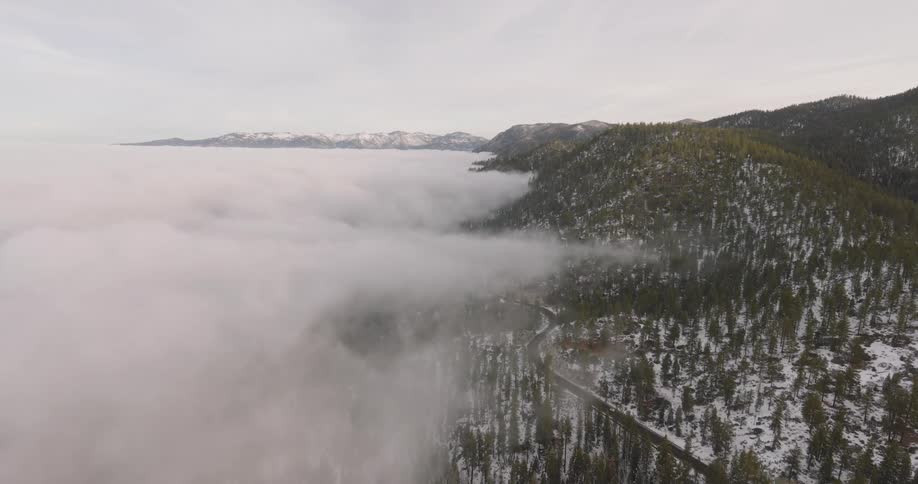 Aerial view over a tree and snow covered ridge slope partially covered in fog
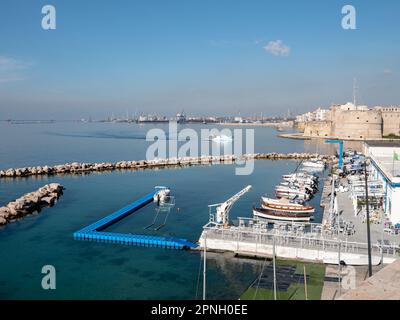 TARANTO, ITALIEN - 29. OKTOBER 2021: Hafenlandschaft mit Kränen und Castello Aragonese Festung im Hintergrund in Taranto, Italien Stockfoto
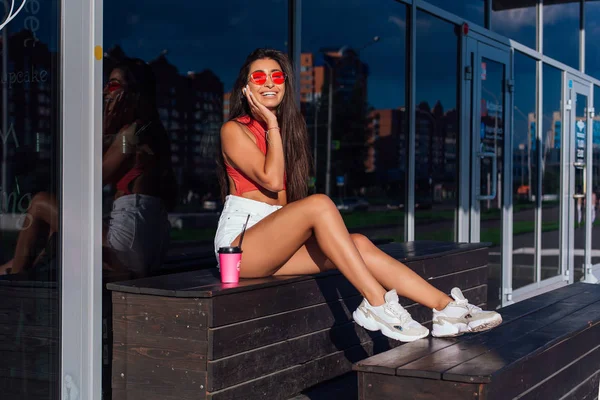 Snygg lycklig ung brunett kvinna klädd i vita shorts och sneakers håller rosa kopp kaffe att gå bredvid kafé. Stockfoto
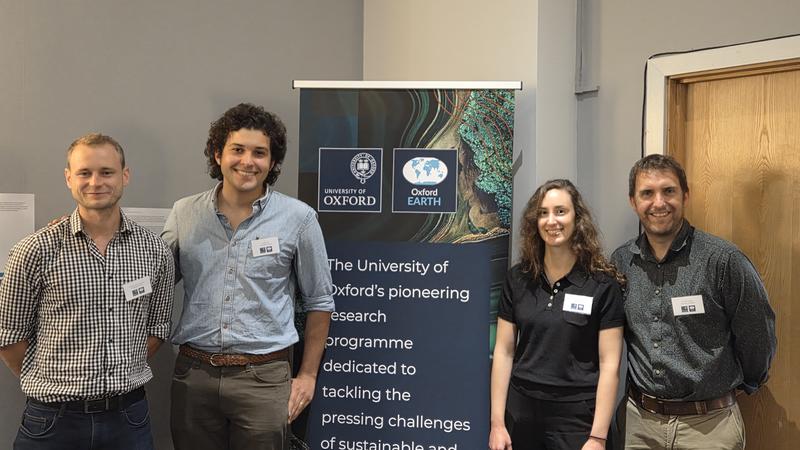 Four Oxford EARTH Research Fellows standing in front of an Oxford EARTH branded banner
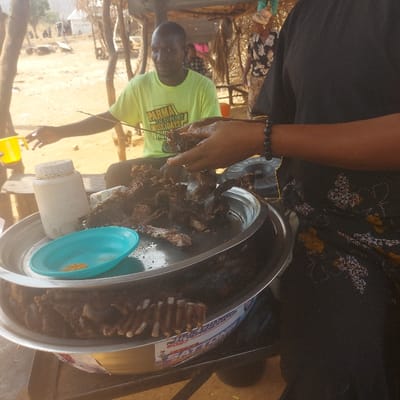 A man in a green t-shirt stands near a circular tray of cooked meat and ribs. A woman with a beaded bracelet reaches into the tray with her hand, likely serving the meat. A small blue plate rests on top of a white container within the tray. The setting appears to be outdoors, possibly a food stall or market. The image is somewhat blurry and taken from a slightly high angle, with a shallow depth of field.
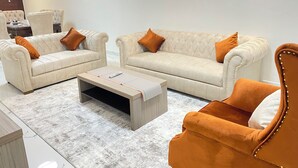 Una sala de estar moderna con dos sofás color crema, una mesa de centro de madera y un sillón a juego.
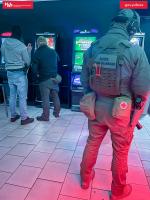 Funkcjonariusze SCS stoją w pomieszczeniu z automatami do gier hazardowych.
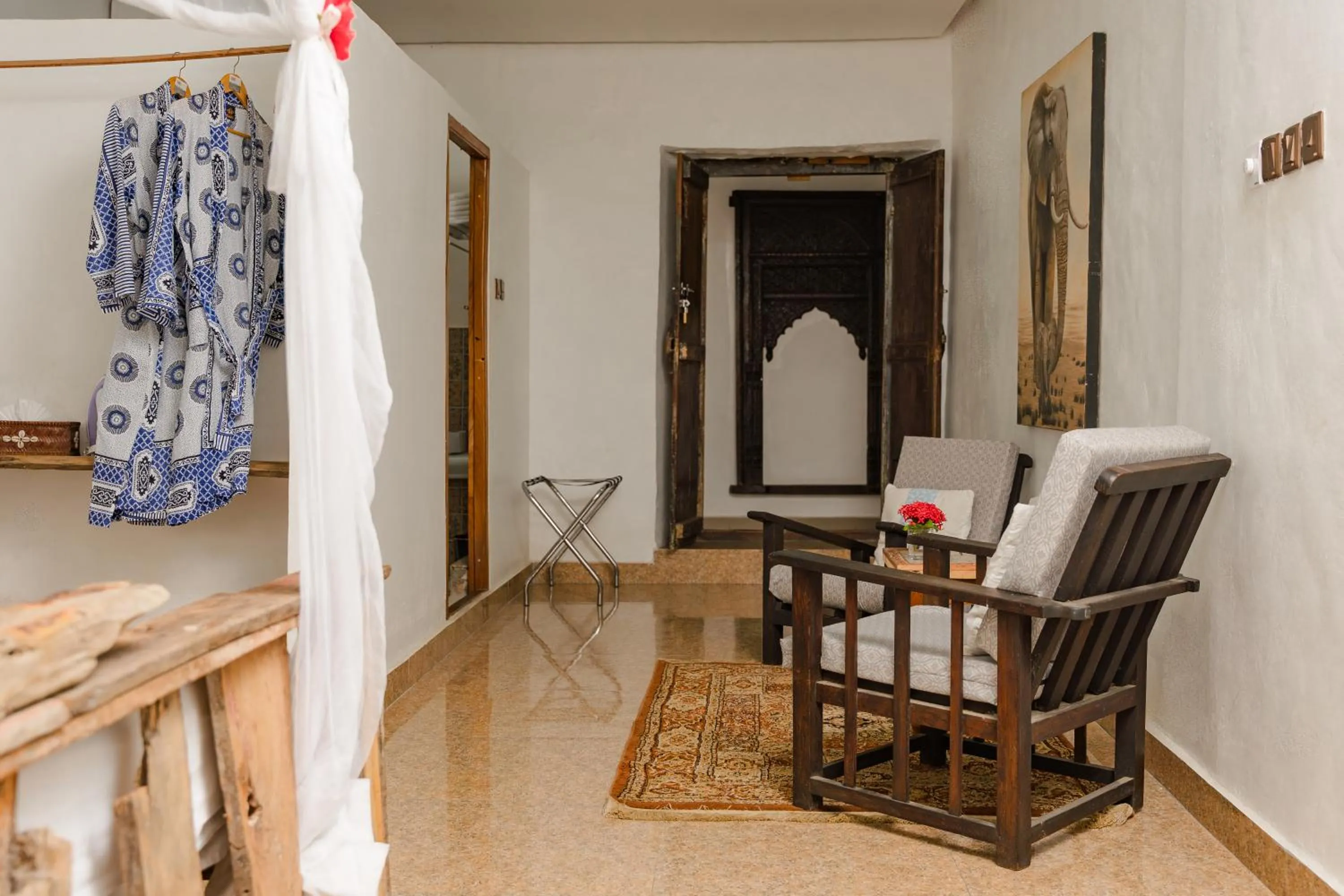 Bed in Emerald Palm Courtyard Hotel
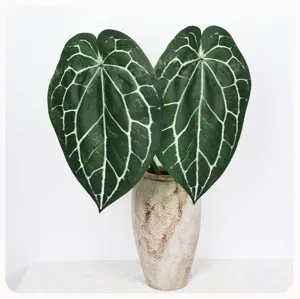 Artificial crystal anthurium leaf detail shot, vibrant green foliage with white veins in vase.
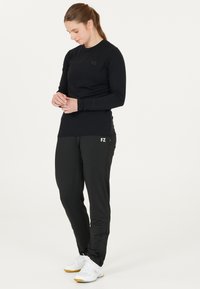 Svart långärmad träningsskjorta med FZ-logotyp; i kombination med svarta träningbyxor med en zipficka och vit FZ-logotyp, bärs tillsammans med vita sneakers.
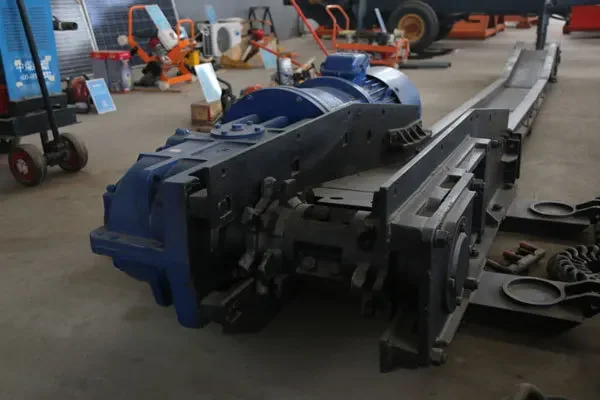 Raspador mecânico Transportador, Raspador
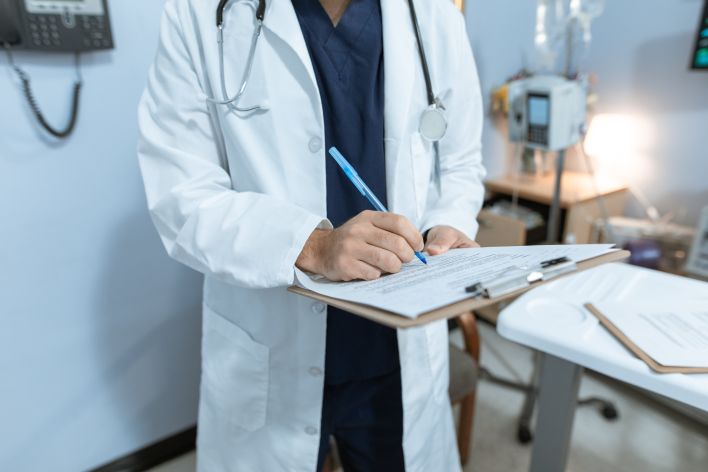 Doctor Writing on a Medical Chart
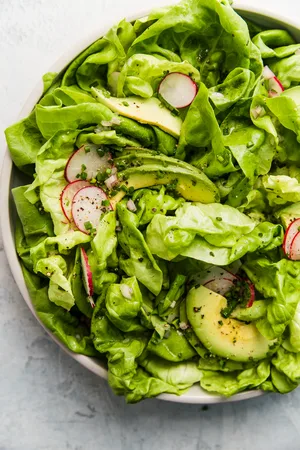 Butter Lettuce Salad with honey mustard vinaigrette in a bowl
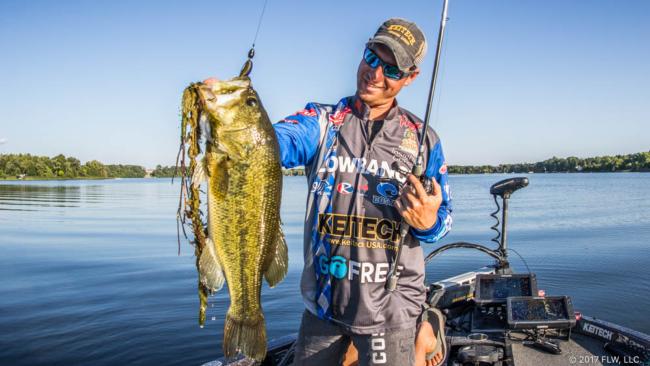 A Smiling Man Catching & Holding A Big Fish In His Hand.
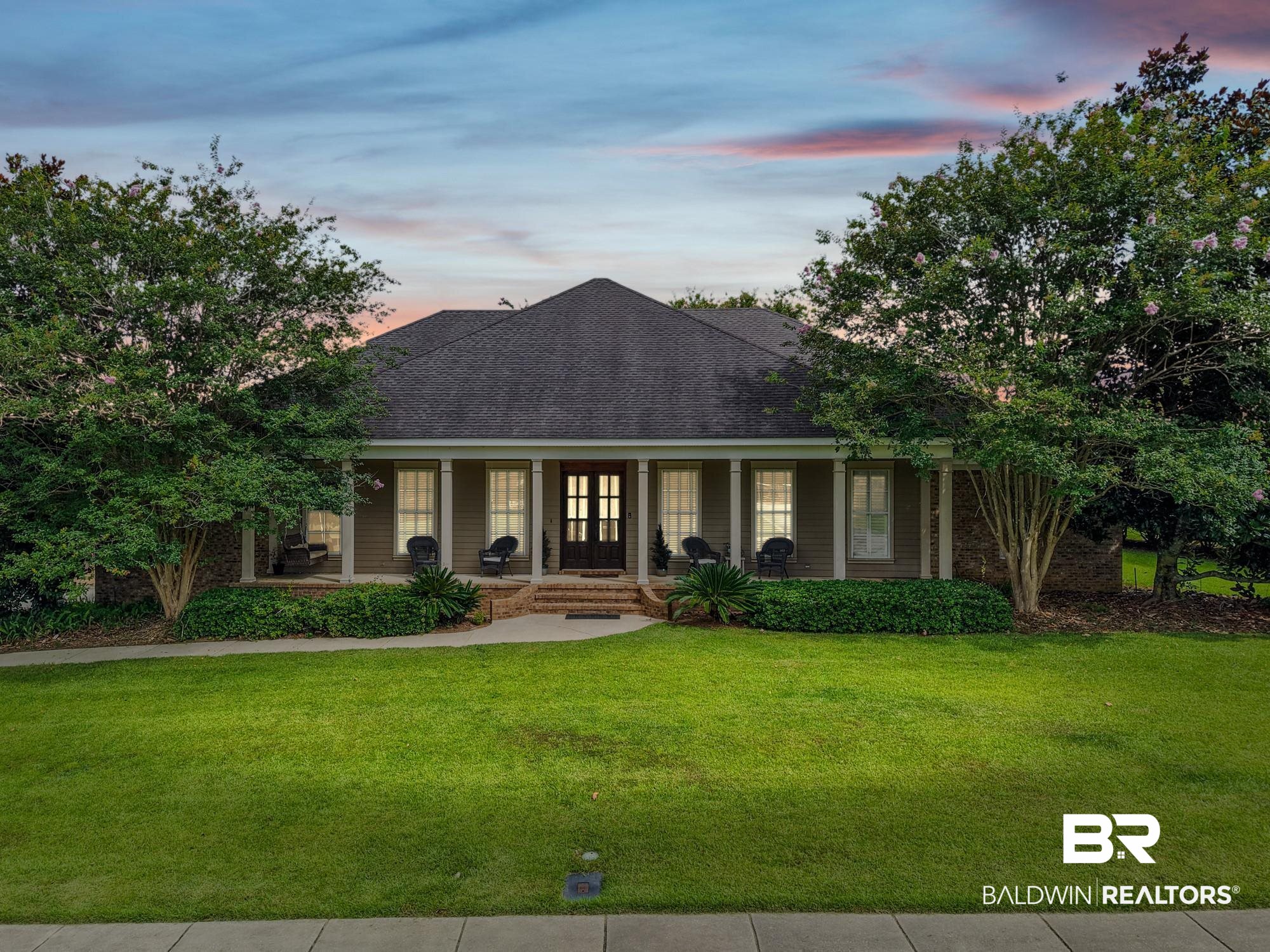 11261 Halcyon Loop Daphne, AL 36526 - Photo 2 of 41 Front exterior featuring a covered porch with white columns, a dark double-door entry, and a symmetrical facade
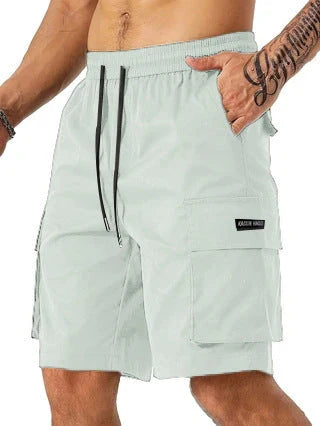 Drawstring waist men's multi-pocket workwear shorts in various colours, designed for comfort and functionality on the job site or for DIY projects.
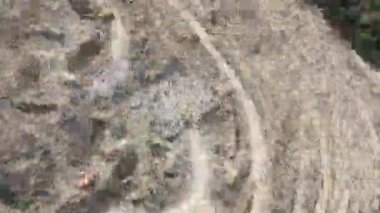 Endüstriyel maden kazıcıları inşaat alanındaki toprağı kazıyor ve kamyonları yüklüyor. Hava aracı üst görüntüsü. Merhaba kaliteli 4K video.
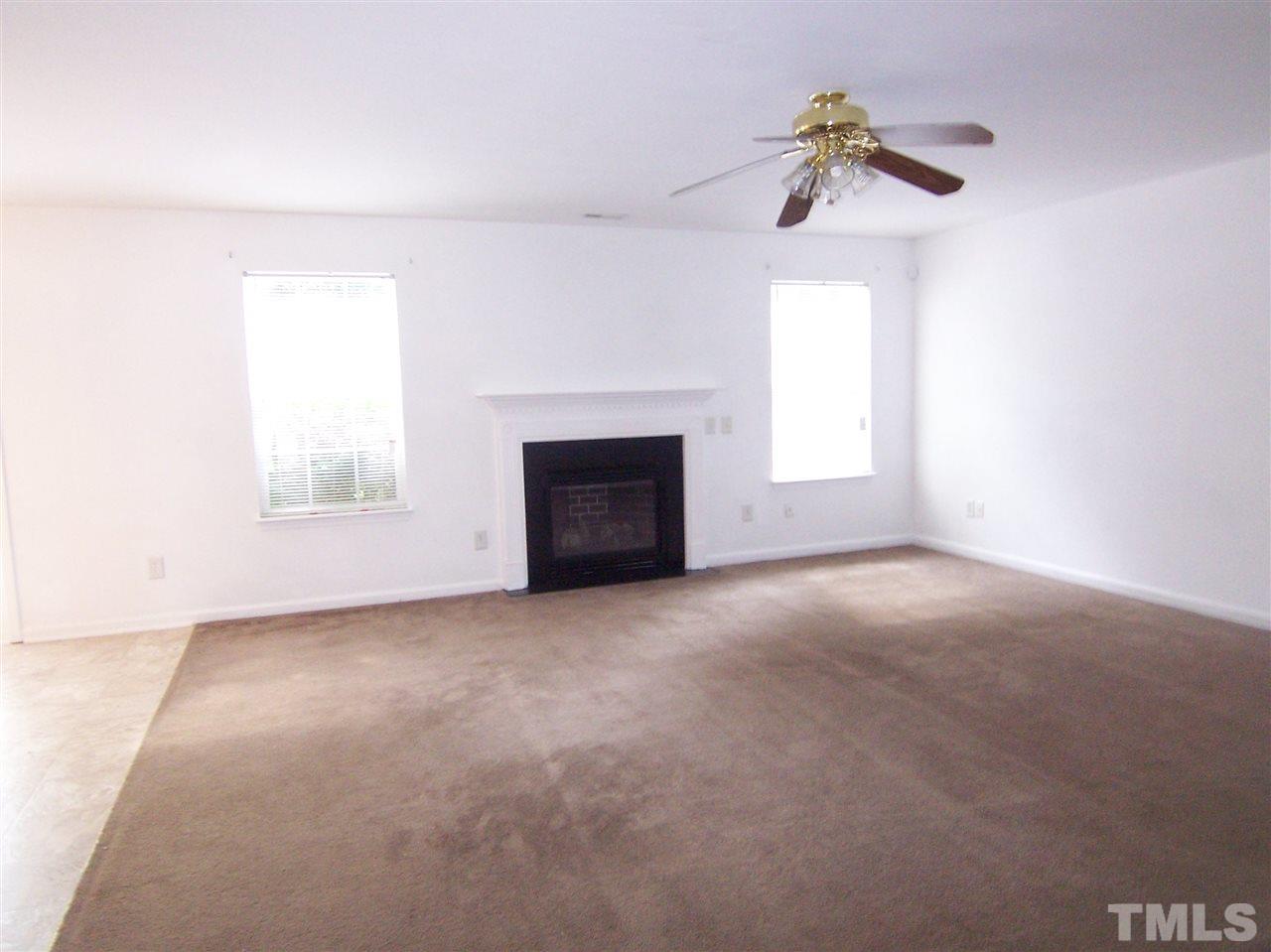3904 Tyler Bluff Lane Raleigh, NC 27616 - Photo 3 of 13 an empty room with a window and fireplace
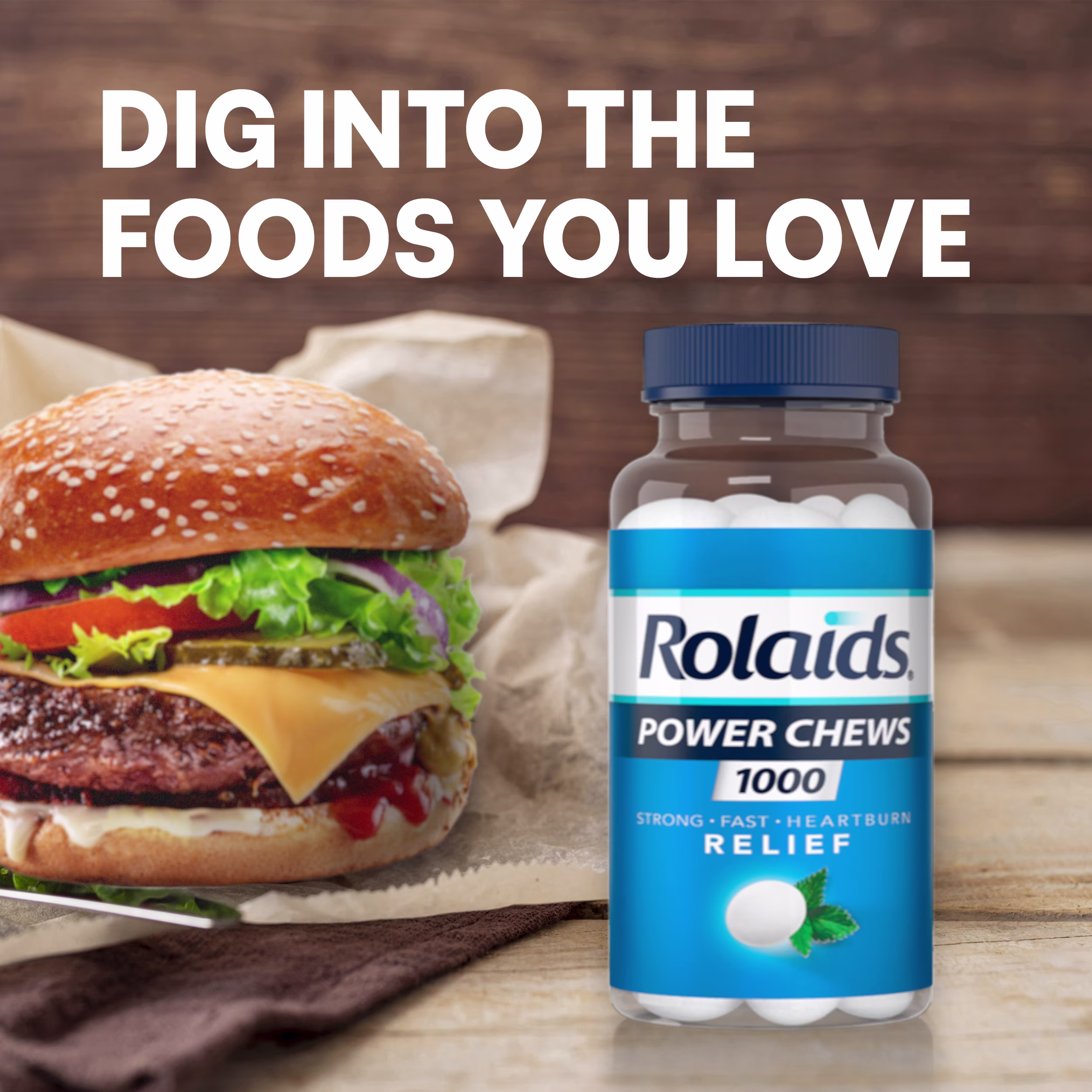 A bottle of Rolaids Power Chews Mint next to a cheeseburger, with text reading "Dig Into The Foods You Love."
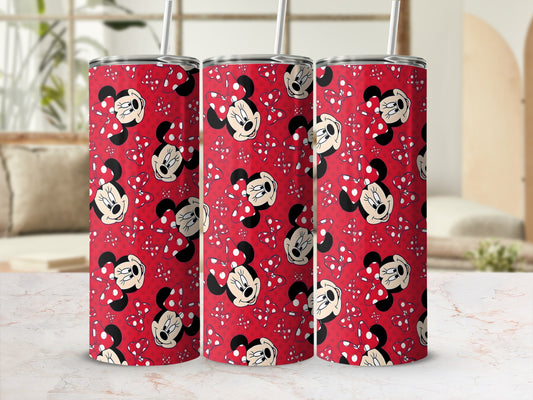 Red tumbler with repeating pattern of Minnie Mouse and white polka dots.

____________

From the records above, copy exactly the lines starting at the one with "Butter Lettuce Salad" and ending at the one with "11261 Halcyon Loop", and no others. Pictures stay out.

### SOLUTION TO THIS TASK
 Butter Lettuce Salad with honey mustard vinaigrette in a bowl
 A Smiling Man Catching & Holding A Big Fish In His Hand.
 11261 Halcyon Loop Daphne, AL 36526 - Photo 2 of 41 Front exterior featuring a covered porch with white columns, a dark double-door entry, and a symmetrical facade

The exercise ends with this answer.